По словам того же Потанина, город лежал на старинном торговом пути из Центральной Азии в Северную Европу. Уже в XVII веке здесь было население калмыцких лам. Русский посол в Китае, Федор Исакович Байков, находил здесь каменные хоромы, в которых жили буддийские монахи. В окрестностях селения производилось хлебопашество. Позднее, в конце XVIII столетия, известный путешественник Паллас нашел только развалины калмыцких зданий, слывших в народе под названием «семи палат». В честь их город получил название Семипалатинска. Сюда направлялись караваны из Яркенда, Кашгара и Кульджи.

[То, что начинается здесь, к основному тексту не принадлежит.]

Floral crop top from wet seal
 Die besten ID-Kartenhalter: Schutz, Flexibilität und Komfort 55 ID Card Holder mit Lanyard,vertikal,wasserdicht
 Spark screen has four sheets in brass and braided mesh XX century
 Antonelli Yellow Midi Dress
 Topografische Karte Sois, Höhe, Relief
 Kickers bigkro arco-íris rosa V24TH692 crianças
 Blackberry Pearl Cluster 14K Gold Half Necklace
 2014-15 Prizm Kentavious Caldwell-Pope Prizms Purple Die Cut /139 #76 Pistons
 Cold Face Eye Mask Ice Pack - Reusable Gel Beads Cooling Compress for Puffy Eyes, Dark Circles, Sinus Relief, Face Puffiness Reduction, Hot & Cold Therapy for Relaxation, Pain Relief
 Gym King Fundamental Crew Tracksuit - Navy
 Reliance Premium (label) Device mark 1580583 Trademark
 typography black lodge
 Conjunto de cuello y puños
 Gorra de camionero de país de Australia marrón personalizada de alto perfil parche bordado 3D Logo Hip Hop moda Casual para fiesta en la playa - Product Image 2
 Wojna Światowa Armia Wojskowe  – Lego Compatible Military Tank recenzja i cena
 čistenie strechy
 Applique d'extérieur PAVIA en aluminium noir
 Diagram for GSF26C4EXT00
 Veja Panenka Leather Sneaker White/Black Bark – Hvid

Близ города они переправлялись на правый берег Иртыша. Впрочем, разгрузка караванов сначала производилась у Ямышевского озера, в местности, гораздо более северной. Семипалатинск начал получать торговое значение только с конца XVIII столетия. Соответственно этому возрастало и его население. Много поселилось в нем татар из Казани и сартов из независимого Туркестана. Наибольшего развития семипалатинская торговля достигла с открытием русских факторий в Кульдже и Чугучаке, т.е. в 1850-х годах. Но затем, с выходом Туркестана от Китайской империи, вместе с разорением китайских городов Чугучака и Кульджи, торговля в Семипалатинске упала.

Город располагался на высоком правом берегу Иртыша, в котором были заметны твердые выступы сланцев. С берега открывался вид на далеко расстилавшуюся на левом берегу казахскую степь. Вдали, верстах в 40, виднелись на горизонте синеватые очертания скалистых гор Семей-тау. Окрестности города были безжизненны. Площадь, занятая городом, представляла песчаную поверхность, кое-где бугристую. Песчаная и пустынная степь расстилалась и вокруг города. Только бугры, чем дальше от него, становились крупнее. Вдали, по окраине степи, в виде каймы, ее облегал сосновый бор, даже к тому моменту уже порядочно вырубленный и имевший вид рассеянных по горизонту деревьев. Пустыннее, безжизненнее пространства между городом и бором трудно было себе и представить. Здесь нельзя было встретить ни красивого цветка, ни порхающей бабочки. Серые, колючие растения, свойственные степной флоре, скудно прикрывали почву.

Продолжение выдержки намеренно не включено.